Entries shown below:
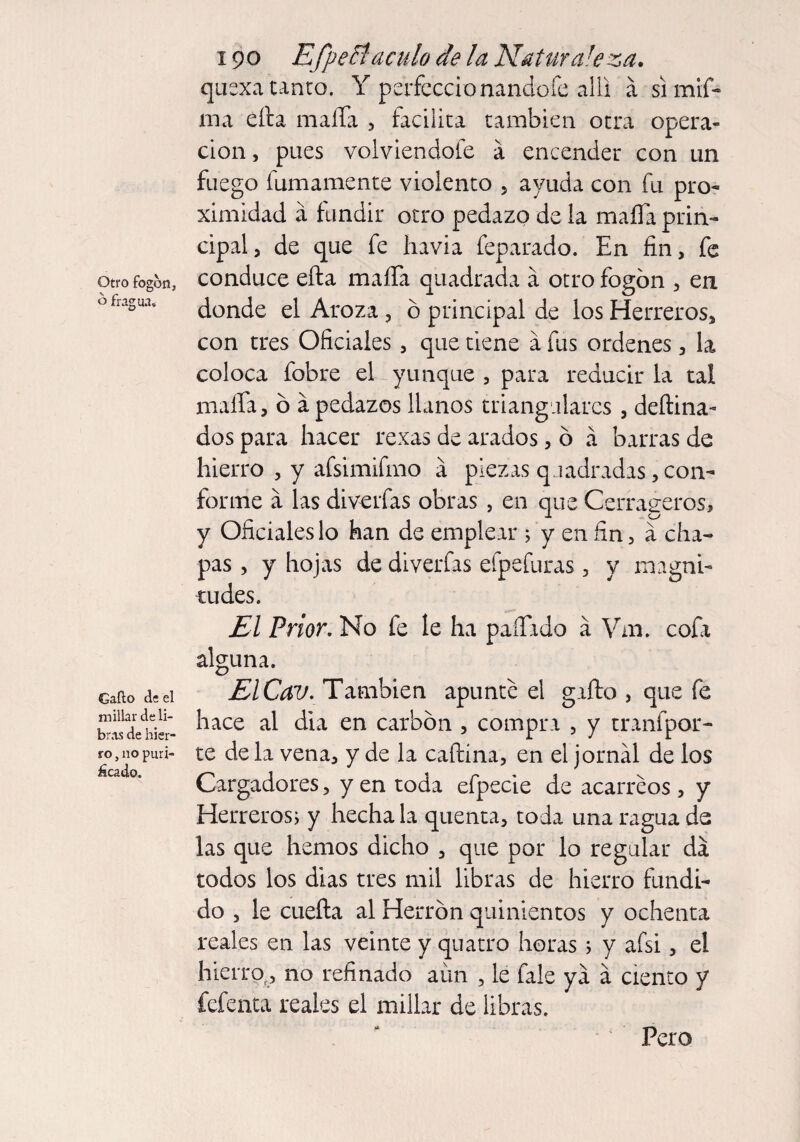 Otro fogón, ó fragua. Gaíio de el millar deli¬ bras de hier¬ ro, no puri¬ scado. 190 Efpefflaculo de la Naturaleza. quexatanto. Y perfeccionando fe alii á simif- rna círa maíTa , facilita también otra opera¬ ción , pues volviéndole a encender con un fuego fumamente violento , ayuda con fu pro¬ ximidad a fundir otro pedazo de la mafia prin¬ cipal, de que fe havia feparado. En fin, fe conduce efta mafia quadrada a otro fogón , en donde el Aroza, ó principal de los Herreros, con tres Oficiales, que tiene a fus ordenes, la coloca fobre el yunque , para reducir la tal mafia, ó á pedazos llanos triangulares , deítina- dos para hacer rexas de arados, ó á barras de hierro , y afsimifmo a piezas quadradas, con¬ forme a las diverfas obras , en que Cerraderos, y Oficiales lo han de emplear 5 y en fin, a cha¬ pas , y hojas de diverfas efpefuras , y magni¬ tudes. El Prior. No fe le ha pafiado á Vm. cofa alguna. El Cav. También apunte el gafto , que fe hace al dia en carbón , compra , y tranfpor- te de la vena, y de la caftina, en el jornal de los Cargadores, y en toda efpecie de acarreos , y Herreros; y hecha la quenta, toda una ragua de las que hemos dicho , que por lo regular da todos los dias tres mil libras de hierro fundi¬ do , le cuefta al Herrón quinientos y ochenta reales en las veinte y quatro horas ; y afsi, el hierro,, no refinado aun , le fale ya á ciento y fefenta reales el millar de libras. Pero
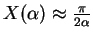 $X(\alpha) \approx \frac{\pi}{2 \alpha}$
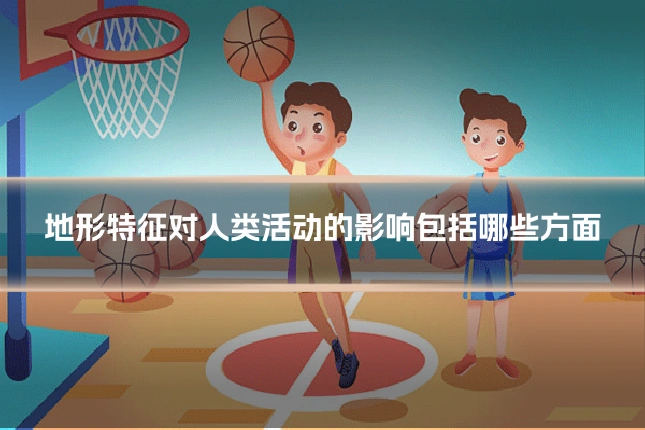 地形特征对人类活动的影响包括哪些方面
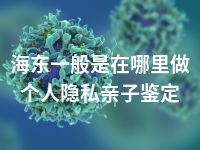 海东一般是在哪里做个人隐私亲子鉴定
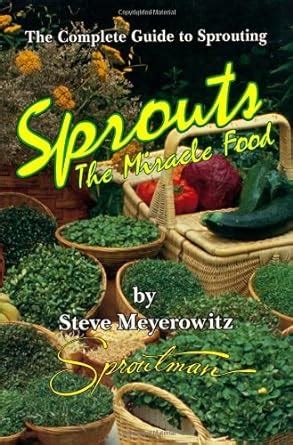 Sprouts the miracle food the complete guide to sprouting 6th by steve meyerowitz 1998 paperback. - How to stop smoking in 15 easy years a slackers guide to final freedom.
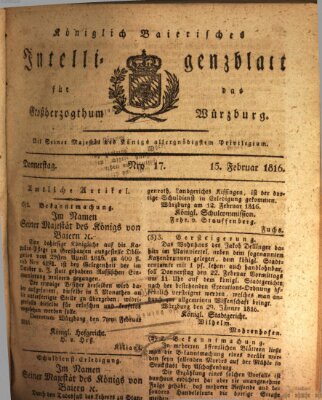 Königlich-baierisches Intelligenzblatt für das Großherzogthum Würzburg (Würzburger Intelligenzblatt) Donnerstag 15. Februar 1816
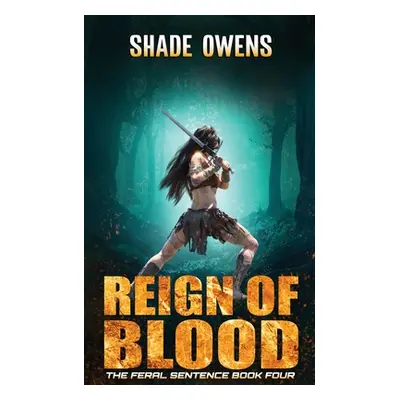 "Reign of Blood" - "" ("Owens Shade")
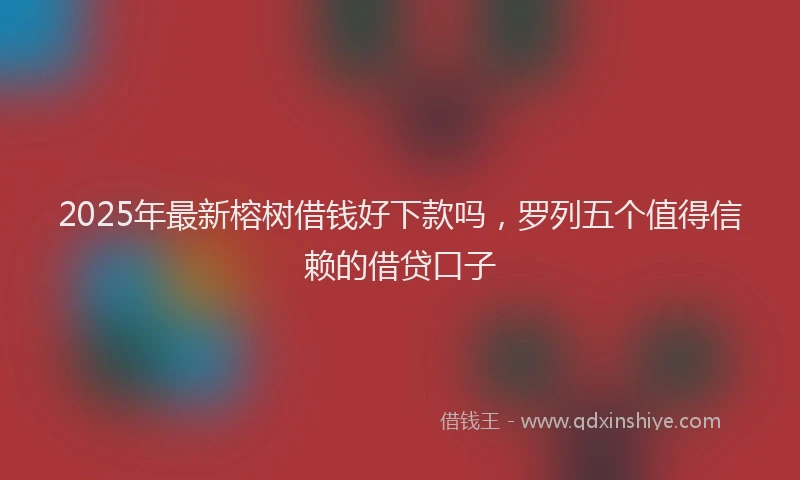 2025年最新榕树借钱好下款吗，罗列五个值得信赖的借贷口子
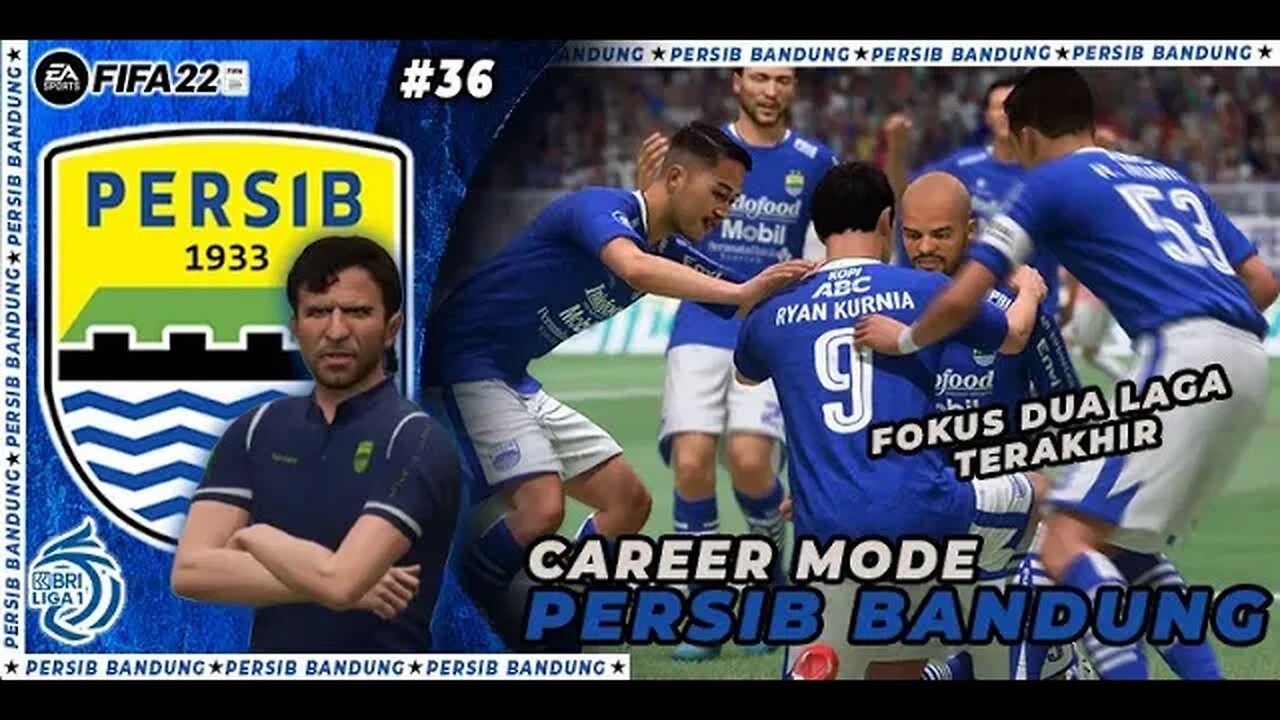 FIFA 22 PERSIB CAREER MODE | FOKUS DI 2 LAGA TERAKHIR BRI LIGA 1 #36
End of Entries shown.
▶ [Task description] Copy exactly the lines from the line that has "2025年最新榕树借钱好下款吗，罗列五个值得信赖的借贷口子" through the last line of the entries above, inclusive, and no others. Pictures do not go in the copy.

▶ [Final answer]
 2025年最新榕树借钱好下款吗，罗列五个值得信赖的借贷口子
 FIFA 22 PERSIB CAREER MODE | FOKUS DI 2 LAGA TERAKHIR BRI LIGA 1 #36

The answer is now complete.